Le pompage consiste à utiliser une pompe électrique pour recirculer le jus du bas du fermenteur vers le haut (sur les solides du raisin). Cela a l’avantage supplémentaire de dissiper un peu de chaleur du jus de fermentation. N’en faites pas trop pour éviter d’oxyder le vin. Cela ne prend qu’environ 20 secondes pour 53 gallons (200 L).

Consultez votre détaillant pour choisir la bonne pompe. Pas n’importe quelle pompe ne fera l’affaire, car elle doit pouvoir déplacer les solides de raisin qui y pénètrent. Une pompe à turbine à cylindrée positive d’une puissance d’une puissance avec un tube de 11⁄2 pouce est recommandée, au minimum. Si vous n’avez pas de pompe, récupérez du jus avec un seau au fond du fermenteur et versez-le sur le bouchon. Un fermenteur équipé d’un bec verseur se révélera pratique.

Comme vous retirez fréquemment la bâche lors du poinçonnage du capuchon et du pompage, le gaz de protection CO2 s’échappera. Pendant la phase vigoureuse de la fermentation, suffisamment de gaz est produit pour assurer une protection adéquate. Lorsque la fermentation s’apaise, vous devrez peut-être injecter du gaz CO2 sous la bâche d’un réservoir.

Lorsque la fermentation est terminée et que le taux de Brix a atteint 0°, une semaine supplémentaire ou 10 jours de macération post-fermentation sera bénéfique pour adoucir les tanins. Surveillez de près le vin pendant cette phase pour éviter des résultats désagréables tels que la détérioration microbienne. La macération prolongée n’est pas recommandée pour les vins à pH élevé, car ceux-ci ne bénéficient pas autant d’une longue extraction et sont plus sujets à la détérioration microbienne.

Pour maximiser les avantages de l’extraction du phénol, choisissez un fermenteur qui fournit un rapport adéquat de la surface du jus au volume. Un rapport de surface plus élevé permet à plus de jus d’être en contact avec les solides du raisin, augmentant ainsi l’extraction. Un fermenteur en plastique de qualité alimentaire de 350 litres est un bon choix. Il peut contenir jusqu’à 18 caisses de raisins de 16,3 kg (36 livres). Assurez-vous de tenir compte du volume de la montée du bouchon lors du choix de la taille d’un fermenteur primaire. Choisissez-en un avec un peu d’espace supplémentaire.

Lorsque des extractions de couleur et de tanins élevées sont souhaitées sans trempage à froid ni macération prolongée, la fermentation peut être effectuée à l’extrémité supérieure de la plage de température recommandée de 22 à 30 ° C (72-86 ° F). Cette méthode peut être utilisée avec des raisins à faible tanin où la macération prolongée n’apporte aucun avantage.
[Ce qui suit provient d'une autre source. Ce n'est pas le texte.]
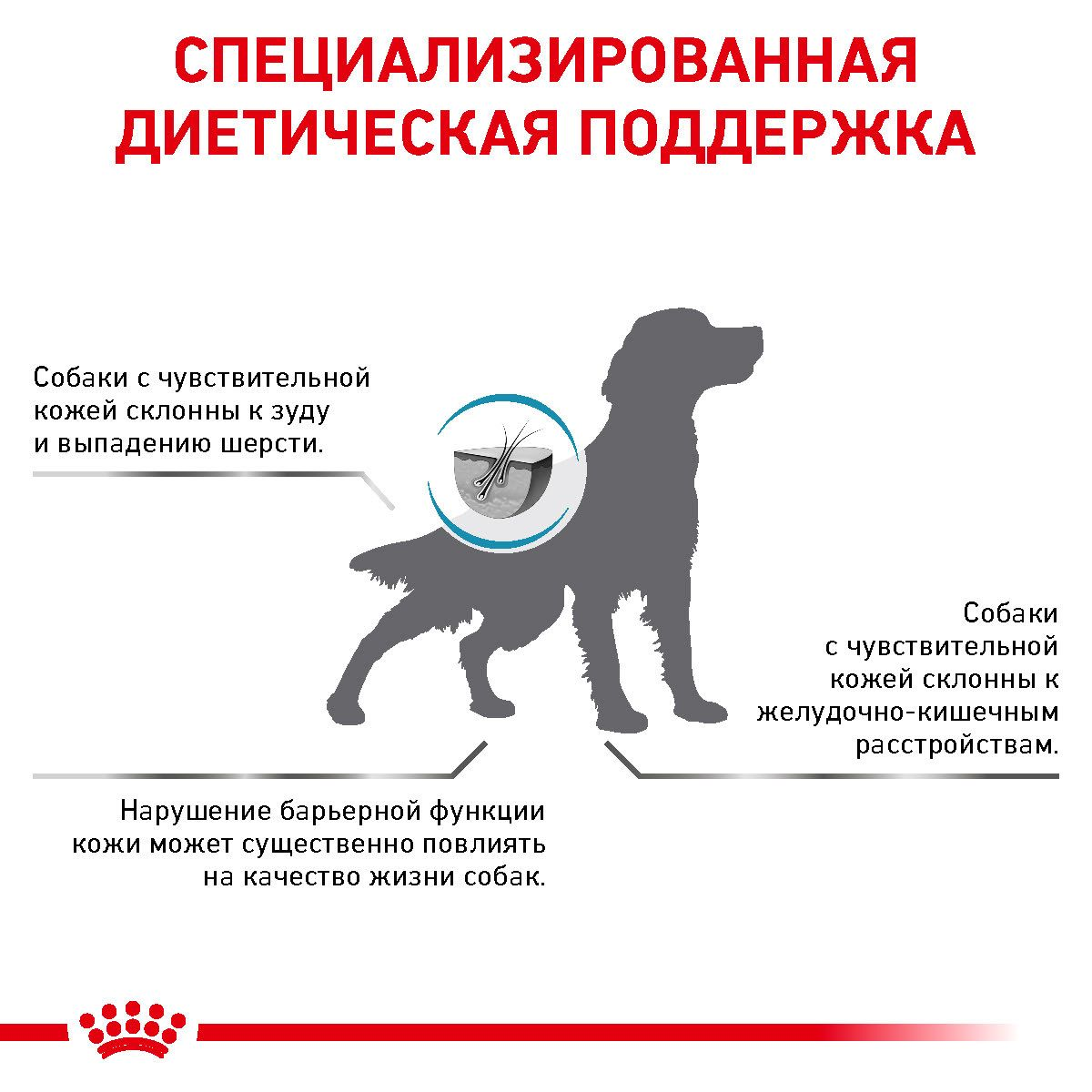 Skin Support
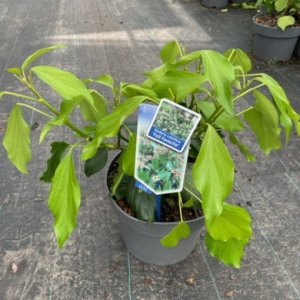 Hedera colchica ‘Fall Favourite’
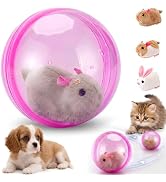 Cat Toy Automatic Moving Ball - Interactive Cat Toys for Indoor Cats, Self-Rolling Automatic Cat ...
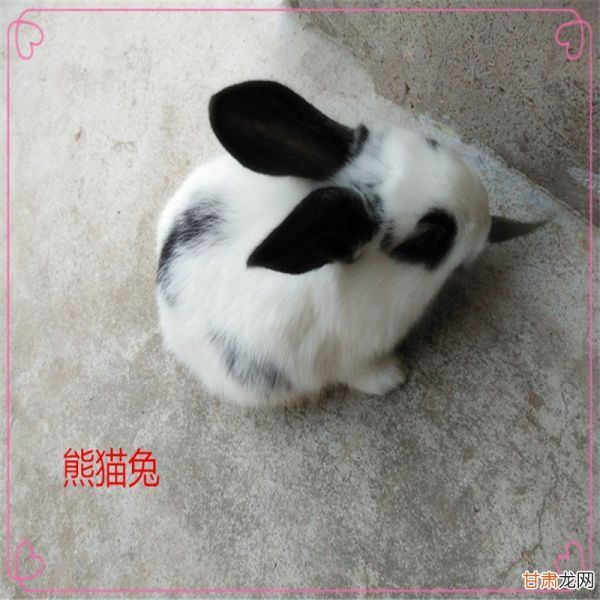 宠物兔品种 宠物兔种类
Il présente également l’avantage de minimiser les risques d’oxydation et de détérioration microbienne puisque la durée d’exposition du moût à l’air est réduite. De nombreux grands vins sont élaborés à partir de fermentations à haute température.

Une autre astuce pour augmenter le rendement en jus de macération: Ajouter une petite quantité d’enzymes pectiques au moment du broyage et fermenter à l’extrémité haute de la plage de température. Les enzymes pectiques sont plus efficaces au-dessus de 27 °C (80 °F). Sous forme de poudre, des enzymes pectiques sont ajoutées à un taux allant jusqu’à 1⁄2 once par gallon (4 g / hL). La poudre doit d’abord être dissoute dans une petite quantité d’eau froide. Sous forme liquide, ajoutez jusqu’à 3 gouttes d’enzymes pectiques par gallon (4 L) de vin. Pour éviter l’extraction de tanins trop durs, n’utilisez pas d’enzymes pectiques si vous macérez avec des tiges.

Les vins blancs n’ont pas tendance à bénéficier de la macération car aucune extraction de couleur n’est nécessaire et les tanins ne sont pas souhaitables. Certains vignerons commerciaux font macérer leurs raisins blancs broyés jusqu’à 24 heures pour donner à leurs vins un peu plus de structure et de couleur, mais la pratique n’est pas recommandée pour les vignerons à domicile en raison du risque accru d’oxydation et de surextraction du phénol.